Requirement: Starting with the opening line of the material, restate every line word for word, and end on the line containing "[Ryou] Bye bye, arigato Fhentai - Page 37".

Recorded information:

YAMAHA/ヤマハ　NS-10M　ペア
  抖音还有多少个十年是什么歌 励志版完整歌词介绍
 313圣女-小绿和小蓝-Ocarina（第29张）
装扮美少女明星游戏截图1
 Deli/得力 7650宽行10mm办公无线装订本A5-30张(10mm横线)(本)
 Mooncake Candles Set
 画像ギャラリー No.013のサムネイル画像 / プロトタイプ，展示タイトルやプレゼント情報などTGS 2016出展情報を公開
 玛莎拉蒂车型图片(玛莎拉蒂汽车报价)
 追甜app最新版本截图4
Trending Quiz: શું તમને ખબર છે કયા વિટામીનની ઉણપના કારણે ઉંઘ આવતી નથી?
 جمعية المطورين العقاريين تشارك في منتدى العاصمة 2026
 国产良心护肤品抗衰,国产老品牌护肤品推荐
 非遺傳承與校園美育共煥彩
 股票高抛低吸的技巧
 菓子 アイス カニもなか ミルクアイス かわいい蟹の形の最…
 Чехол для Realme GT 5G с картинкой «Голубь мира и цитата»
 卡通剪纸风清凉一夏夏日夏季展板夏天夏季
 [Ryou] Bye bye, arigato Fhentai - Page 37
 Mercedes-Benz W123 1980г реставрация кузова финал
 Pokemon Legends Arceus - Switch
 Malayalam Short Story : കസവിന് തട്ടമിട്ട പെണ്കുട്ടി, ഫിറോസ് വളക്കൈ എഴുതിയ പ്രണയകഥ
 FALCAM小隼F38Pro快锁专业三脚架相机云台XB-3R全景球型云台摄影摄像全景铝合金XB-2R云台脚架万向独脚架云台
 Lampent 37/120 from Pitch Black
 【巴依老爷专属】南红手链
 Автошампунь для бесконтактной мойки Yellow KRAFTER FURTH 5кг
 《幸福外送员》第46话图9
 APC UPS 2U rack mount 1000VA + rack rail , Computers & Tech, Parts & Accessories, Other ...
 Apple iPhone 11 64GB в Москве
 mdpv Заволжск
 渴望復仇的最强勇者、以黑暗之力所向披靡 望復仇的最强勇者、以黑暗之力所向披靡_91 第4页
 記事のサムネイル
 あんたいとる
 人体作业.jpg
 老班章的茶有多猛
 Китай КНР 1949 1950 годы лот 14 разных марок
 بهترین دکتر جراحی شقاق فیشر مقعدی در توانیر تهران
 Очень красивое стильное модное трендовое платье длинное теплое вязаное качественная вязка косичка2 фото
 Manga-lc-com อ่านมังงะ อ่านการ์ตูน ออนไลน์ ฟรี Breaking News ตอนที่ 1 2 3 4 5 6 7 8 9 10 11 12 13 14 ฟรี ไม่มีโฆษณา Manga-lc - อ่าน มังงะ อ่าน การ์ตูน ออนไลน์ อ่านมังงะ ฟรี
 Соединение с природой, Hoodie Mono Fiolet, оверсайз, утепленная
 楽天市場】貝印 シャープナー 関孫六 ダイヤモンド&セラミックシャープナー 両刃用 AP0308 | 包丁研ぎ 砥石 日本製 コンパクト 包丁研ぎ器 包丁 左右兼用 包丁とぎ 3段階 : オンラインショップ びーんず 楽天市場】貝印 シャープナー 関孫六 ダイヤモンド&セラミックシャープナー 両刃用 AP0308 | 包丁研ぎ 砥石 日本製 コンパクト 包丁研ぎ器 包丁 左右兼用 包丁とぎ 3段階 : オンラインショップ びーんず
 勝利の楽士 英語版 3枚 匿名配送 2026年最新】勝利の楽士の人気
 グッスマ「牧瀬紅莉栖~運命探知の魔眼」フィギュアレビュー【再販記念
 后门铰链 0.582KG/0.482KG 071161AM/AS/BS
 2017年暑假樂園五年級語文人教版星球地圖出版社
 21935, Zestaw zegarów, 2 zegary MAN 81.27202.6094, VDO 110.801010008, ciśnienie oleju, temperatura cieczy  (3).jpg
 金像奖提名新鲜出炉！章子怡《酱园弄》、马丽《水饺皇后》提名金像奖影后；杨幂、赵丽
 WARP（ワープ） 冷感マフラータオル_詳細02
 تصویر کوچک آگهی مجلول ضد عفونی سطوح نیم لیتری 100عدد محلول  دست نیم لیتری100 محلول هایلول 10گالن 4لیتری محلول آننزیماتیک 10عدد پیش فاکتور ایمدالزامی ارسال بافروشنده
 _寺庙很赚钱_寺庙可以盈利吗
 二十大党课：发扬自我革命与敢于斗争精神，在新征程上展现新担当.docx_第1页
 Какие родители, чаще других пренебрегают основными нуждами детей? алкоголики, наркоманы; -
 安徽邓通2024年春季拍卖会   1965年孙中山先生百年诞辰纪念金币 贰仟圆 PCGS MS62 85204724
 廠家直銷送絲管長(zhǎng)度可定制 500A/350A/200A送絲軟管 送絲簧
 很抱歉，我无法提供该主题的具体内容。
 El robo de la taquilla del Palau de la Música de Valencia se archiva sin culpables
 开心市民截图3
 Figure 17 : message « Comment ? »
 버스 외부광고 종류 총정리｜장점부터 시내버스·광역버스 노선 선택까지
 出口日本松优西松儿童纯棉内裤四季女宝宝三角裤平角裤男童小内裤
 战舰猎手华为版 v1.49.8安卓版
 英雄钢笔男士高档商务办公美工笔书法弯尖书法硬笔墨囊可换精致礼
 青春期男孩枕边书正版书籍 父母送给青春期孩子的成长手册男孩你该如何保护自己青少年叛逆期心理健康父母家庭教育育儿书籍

Written response:
YAMAHA/ヤマハ　NS-10M　ペア
  抖音还有多少个十年是什么歌 励志版完整歌词介绍
 313圣女-小绿和小蓝-Ocarina（第29张）
装扮美少女明星游戏截图1
 Deli/得力 7650宽行10mm办公无线装订本A5-30张(10mm横线)(本)
 Mooncake Candles Set
 画像ギャラリー No.013のサムネイル画像 / プロトタイプ，展示タイトルやプレゼント情報などTGS 2016出展情報を公開
 玛莎拉蒂车型图片(玛莎拉蒂汽车报价)
 追甜app最新版本截图4
Trending Quiz: શું તમને ખબર છે કયા વિટામીનની ઉણપના કારણે ઉંઘ આવતી નથી?
 جمعية المطورين العقاريين تشارك في منتدى العاصمة 2026
 国产良心护肤品抗衰,国产老品牌护肤品推荐
 非遺傳承與校園美育共煥彩
 股票高抛低吸的技巧
 菓子 アイス カニもなか ミルクアイス かわいい蟹の形の最…
 Чехол для Realme GT 5G с картинкой «Голубь мира и цитата»
 卡通剪纸风清凉一夏夏日夏季展板夏天夏季
 [Ryou] Bye bye, arigato Fhentai - Page 37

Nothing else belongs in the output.